== DIRECTIONS ==
From the listing below, output the lines between the one with "Stone Island Kids'" and the one with "Ruffle V-Hals Top", including those two, and nothing else. Pictures are not copied.

== RECORDS FOR THE EXERCISE ==

══════

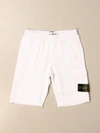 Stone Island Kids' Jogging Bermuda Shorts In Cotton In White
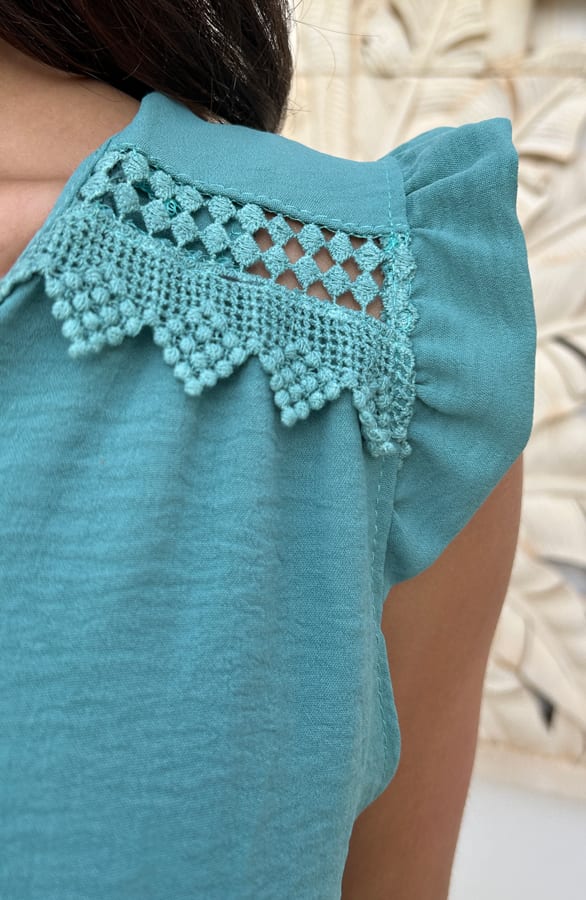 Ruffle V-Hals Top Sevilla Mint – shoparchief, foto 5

══════

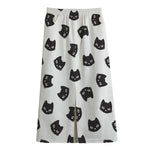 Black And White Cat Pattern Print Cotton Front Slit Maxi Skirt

══════

== TASK RESPONSE ==
 Stone Island Kids' Jogging Bermuda Shorts In Cotton In White
 Ruffle V-Hals Top Sevilla Mint – shoparchief, foto 5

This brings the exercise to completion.